Bisogna inoltre agevolare e sostenere le mille fatiche quotidiane dell’associazionismo. Il mio impegno sarà perché il nuovo governo regionale favorisca l’incontro tra istituzioni e associazioni, perché il volontariato sia riconosciuto capitale sociale in tutta la sua ricchezza etica.
Da cattolico ribadirò con convinzione che le politiche sociali dovranno sostenere chi fatica a reclamare i propri diritti, i dimenticati delle nostre mille periferie, i disoccupati, i cassintegrati, gli immigrati, i malati, gli anziani soli. Siamo tutti fratelli. Non dimentichiamolo mai.
L’ambiente deve essere una priorità per il nostro agire.
Il no al nucleare è scontato, ma sarebbe come nascondersi dietro a un dito non rilevando che un’amministrazione regionale che professa attenzione all’ambiente sbandierando slogan poi permette che con una semplice Dia (Dichiarazione d’inizio attività) si possano coprire di silicio le nostre meravigliose campagne all’insegna dell’avvento del fotovoltaico!
La sensazione da cittadino attento è che l’amministrazione Vendola sia implosa in una serie di proclami non realizzati che si sono spenti e consumati invece in lotte intestine che hanno provocato gli effetti negativi sotto gli occhi di tutti.

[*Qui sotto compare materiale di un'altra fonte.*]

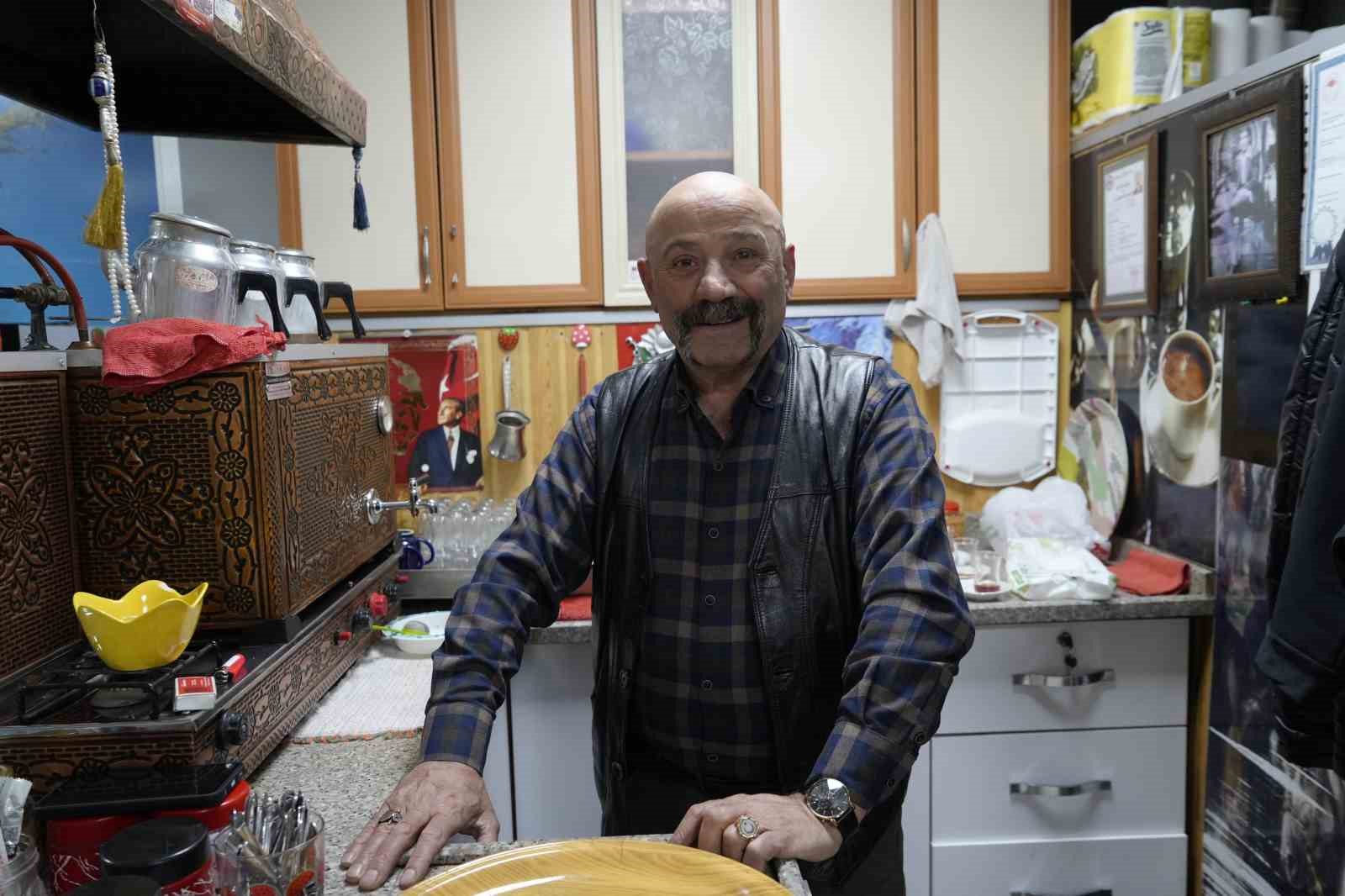 G&uuml;m&uuml;şhaneli kıraathane işletmecisi titizliğiyle m&uuml;şterilerine ev ortamı sunuyor
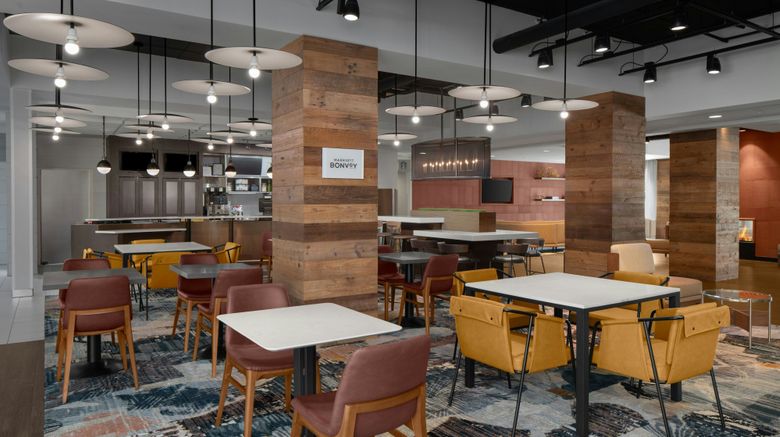 <b>Courtyard by Marriott Charleston Restaurant</b>. Images powered by <a href="https://www.leonardoworldwide.com/" title="Leonardo Worldwide" target="_blank">Leonardo</a>.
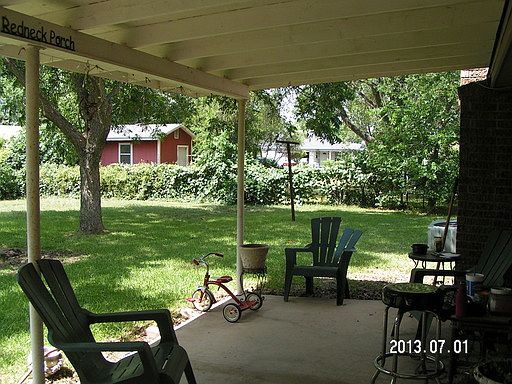 3rd image of 1306 Carnation Ln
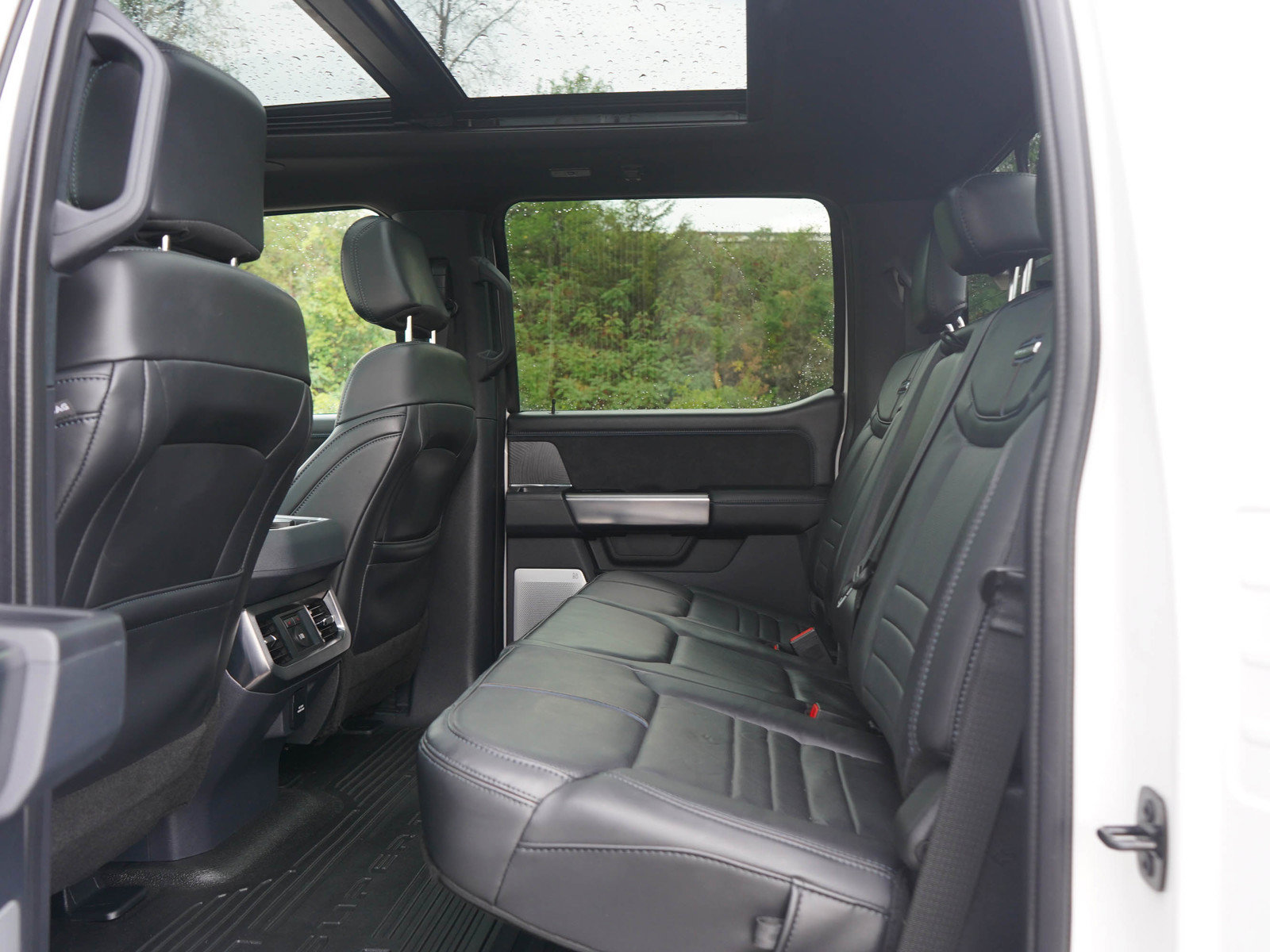 Used 2025 Ford F350 Platinum AWD/4WD image 14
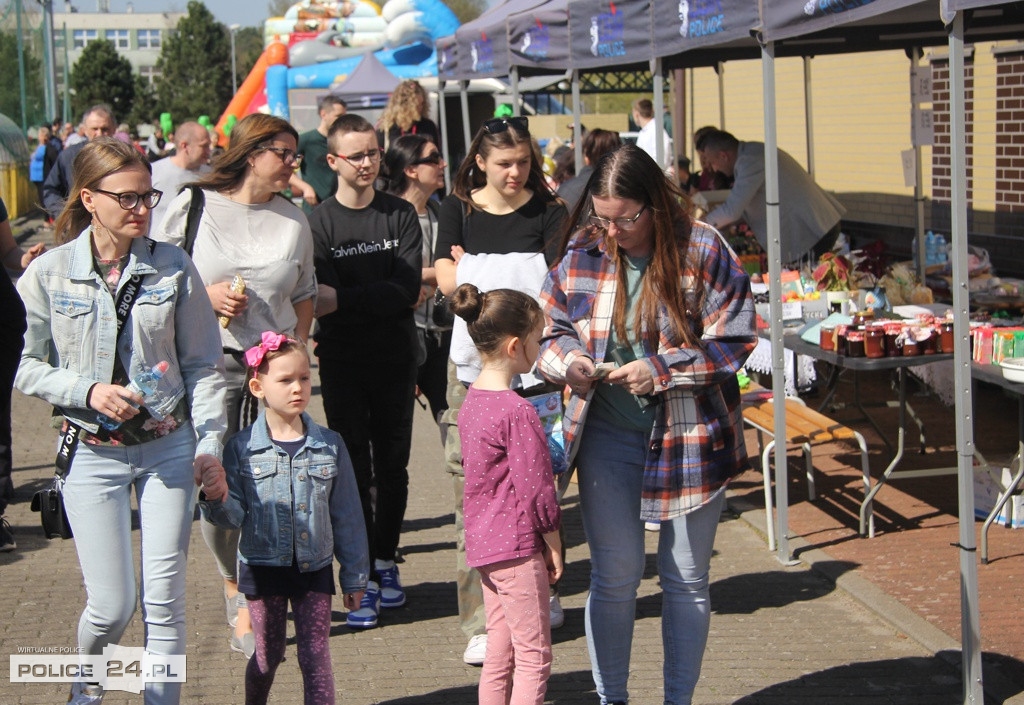 Zebrano ponad 47 tys. na leczenie i rehabilitację Julii i Bartka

Un ultimo ma primo pensiero va ai cassintegrati, che in troppi sono andati ad accrescere il numero dei disperati del lavoro. Il nuovo governo regionale dovrà recuperare il grave dispendio di tempo perduto e attrezzare un’azione coordinata per riqualificare i non occupati, permettendone un rapido reinserimento nel mercato, garantendo i dovuti ammortizzatori sociali nella fase di transizione. I bandi per la riqualificazione dei cassintegrati sono nei cassetti pronti ad uscire nei periodi elettorali, mentre un’azione seria e coscienziosa avrebbe da tempo dovuto accompagnare la cassa integrazione con percorsi di riqualificazione mirati e diffusi sul territorio, grazie alle ingenti risorse a disposizione nel settore della Formazione Professionale.
Dietro ogni lavoratore c’è una famiglia.